Het onderdeel medicatieberekening bestaat uit een reeks oefeningen waarbij de student aantoont dat hij/zij rekenvaardigheden beheerst. Om geslaagd te zijn voor dit label dient de student minimaal 15/20 te behalen.
Bij vaardigheden PV 3 selecteert de student twee technische vaardigheden van het derde modeltraject, 1 bij een volwassene (12,5 %) en 1 pediatrische (12,5 %) en voert deze vervolgens uit in een labosituatie. Voor het label vaardigheden PV3 kan op basis van inzet, voldoende geachte voorbereiding, voldoende geachte theoretische kennis gecombineerd met een correcte uitvoering van de technieken en een aanwezigheid met voldoende inzet van minstens 80% effectieve aanwezigheid het label toegekend worden. Bij een afwezigheid van 70% of meer zal de student uit elke deelgroep binnen volwassenen en pediatrie een techniek dienen te selecteren.

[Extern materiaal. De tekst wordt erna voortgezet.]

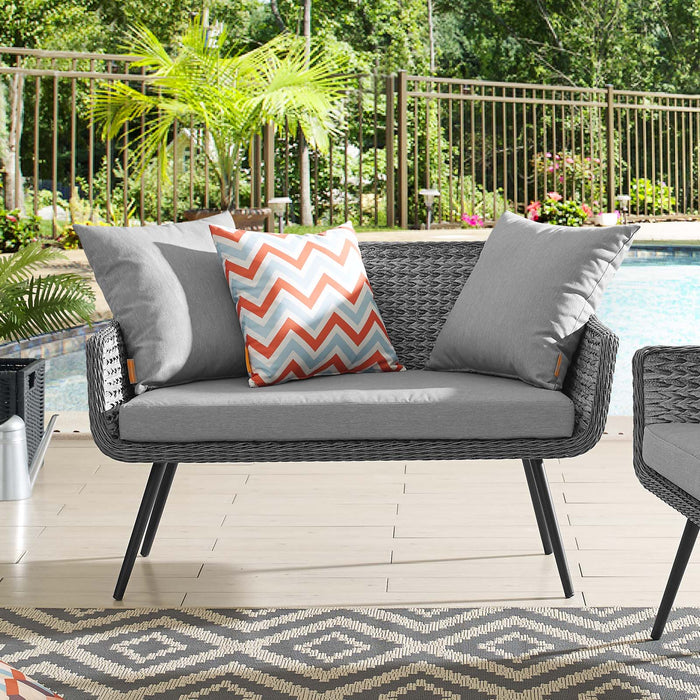 Endeavor Outdoor Patio Wicker Rattan Loveseat - Modway \outdoor\sofas & sectionals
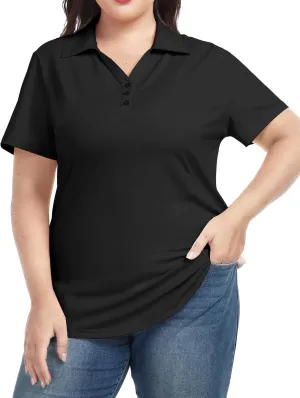 COOTRY Plus Size Golf Polo Shirts for Women Short Sleeve V Neck Tennis Tops Loose Fit T Shirt 3 Buttons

De student dient voor alle onderdelen geslaagd te zijn om te kunnen slagen voor het opleidingsonderdeel. Bij het onderdeel reanimatie en vaardigheden PV 3 worden telkens beide vaardigheden (volwassene en pediatrie) bijeengeteld en volstaat een mathematisch voldoende om geslaagd te zijn voor het onderdeel.
Indien 1 of meerdere onderdelen niet werden behaald wordt het eindcijfer voor het opleidingsonderdeel gereduceerd tot 50 % van de behaalde score en kan hij/zij dus niet slagen voor het opleidingsonderdeel. De student heeft recht op herkansing van 1 onderdeel. Deze herkansing heeft enkel als doel een onderdeel alsnog te behalen. De originele score blijft behouden.
Het examen in de tweede examenperiode verloopt identiek als dit van de eerste examenperiode.

De student wordt geacht aanwezig te zijn tijdens de oefensessies.

Voor de oefensessies wordt van de student verwacht dat hij/zij zich degelijk voorbereidt door middel van de beschikbare materialen in de digitale leeromgeving door te nemen.